Perhaps a good idea. NPR went right of center a long time ago. Perhaps it would get more funding pledges if it actually had vibrant broadcasters like Thom Hartman.
Are you saying to make it a commercial station or a totally listener sponsored station?

RS Janes
13 years ago

I gave up on NPR and PBS a long while back. NPR tends to let right-wing goofballs like the now-fired Juan Williams and the ‘pretend progressives’ like Mara Liasson prattle on with nonsense unimpeded. I’ve heard a few NPR programs where they let the Republican spread outrageous lies and distortions without interruption or challenge, and then the host constantly interrupted when the ‘liberal’ guest was allowed to speak. Fair and balanced — if you’re Roger Ailes.

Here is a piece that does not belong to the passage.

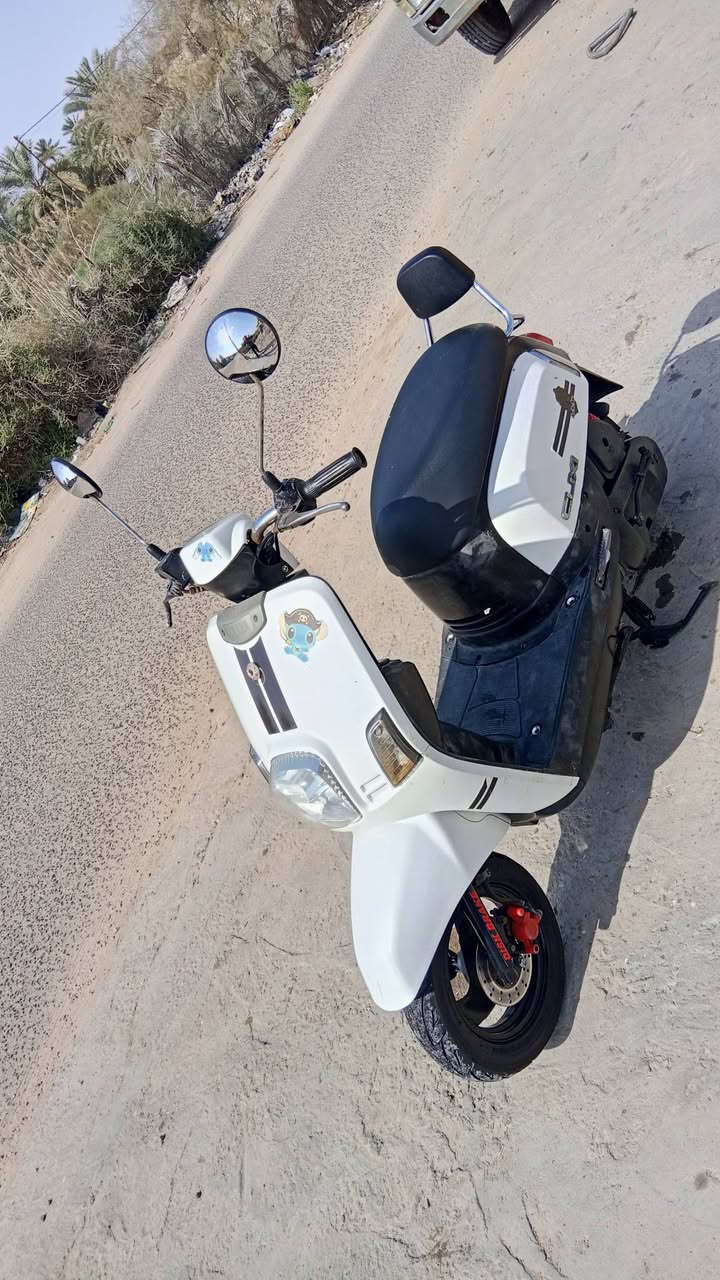 السلام عليكم ماكس بوليس كابريته كلشي بلاد سلف شقال هندر شقال اشاير لايت زنون دبلات شقاله باتري جديد ما تذب عليهى الف دينار ما مفتوح ولا واصله مصلح شرط اي فيتر تروح تريد المكان البصره ابو الخصيب باب طويل السعر 1050وبيهى مجال قليل *********** بي واتساب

PBS has major problems, too, including with the NewsHour, and its corporate sponsorship has put a neocon crimp in its schedule. Some of their ‘science’ programming is sponsored by Archer Daniels Midland and other Big Agra corporations trying to ‘greenwash’ their brand, and I was watching a show a few weeks ago sponsored by David Koch. It was obvious the show’s host was trying to avoid mentioning climate change or air pollution when talking about weather patterns. PBS has bent over so far trying to please their rabid right-wing critics they’ve fallen and they can’t get up. They can go away as well, and I won’t miss them. PBS died when Bill Moyers retired and ‘Now with David Brancaccio’ went off the air.

It’s a sure bet Obama and the Dems aren’t going to go to bat for NPR or PBS, so let them fade or become another mouthpiece for the right. Maybe John Fund can anchor ‘All Things Considered’ and Oliver North ‘Morning Edition’ — only then would the neocon whiners be happy.